Don’t underestimate the significance of this movement. About a decade ago, the bulging discs and damaged vertebrae in his back made walking a nearly impossible chore. He could stretch out fully only while lying down or floating in a swimming pool. His palliative care morphed into an opioid dependency. His condition, compounded by inflammation in his brain stem, caused memory loss and blackouts—so much so that he says he doesn’t remember portions of his life.


The pain was a cruel remnant from an adolescence and college career spent on football fields. He began noticing it in 2002, when his Oak Cliff company, On-Target Supplies & Logistics, began a 24-month trudge of no profits following an economic downturn. That pain followed him onstage as the first black chairman of the Dallas Regional Chamber. It was there as his kids grew older. And that pain made him withdraw. 


“I was not doing a lot with my daughter, who was the last of three children, that I did with my sons,” he says. “They knew me pre-excruciating pain. She doesn’t. Until now.” 

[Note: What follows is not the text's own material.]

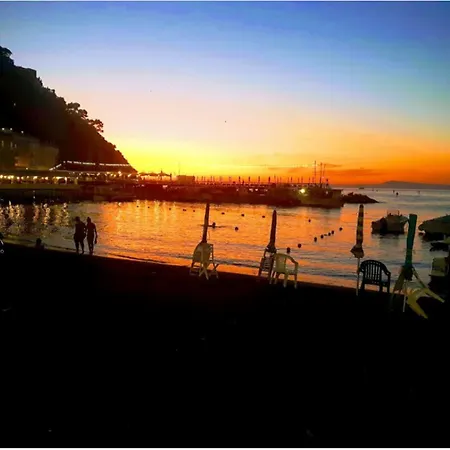 Sea View Casa Anna 아파트 소렌토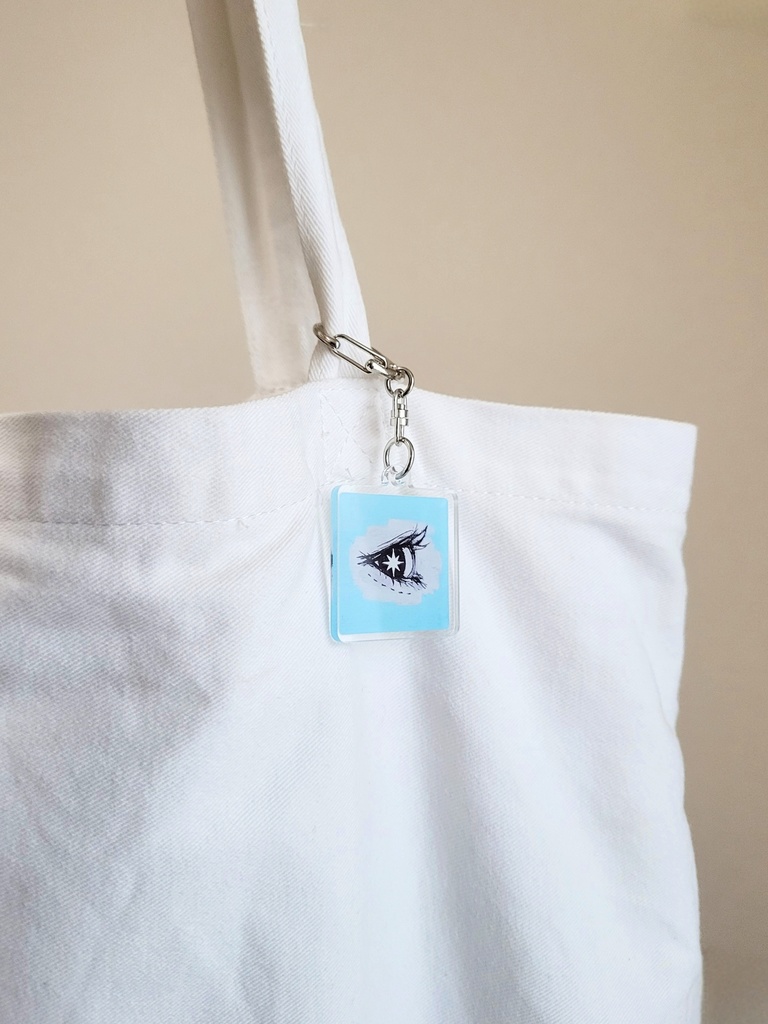 アクリルキーホルダー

Black is a southern Dallas success story. He grew up about a mile southeast of Fair Park, in the Frazier Courts housing project, a complex of about 500 brick units built in the ’40s and ’50s, modeled after military barracks. They all came down in 2005, replaced with grant-funded single-family townhomes. Black’s father was a downtown Dallas hotel doorman who instilled a deep motivation in his boy to aim high. Chores didn’t earn him an allowance, but reading the Dallas Times Herald and the Dallas Morning News did. Today he’s intensely dedicated to southern Dallas, even locating the headquarters of his logistics company between tufts of elm trees off Clarendon Drive in Oak Cliff, just west of Interstate 35E. His company now employs 173 men and women who last year oversaw $36 million in logistics sales with companies such as AT&T, Oncor, and Texas Instruments. On-Target was successful enough to relocate anywhere in the city, but he chose to stay south of the Trinity so he could bring jobs there.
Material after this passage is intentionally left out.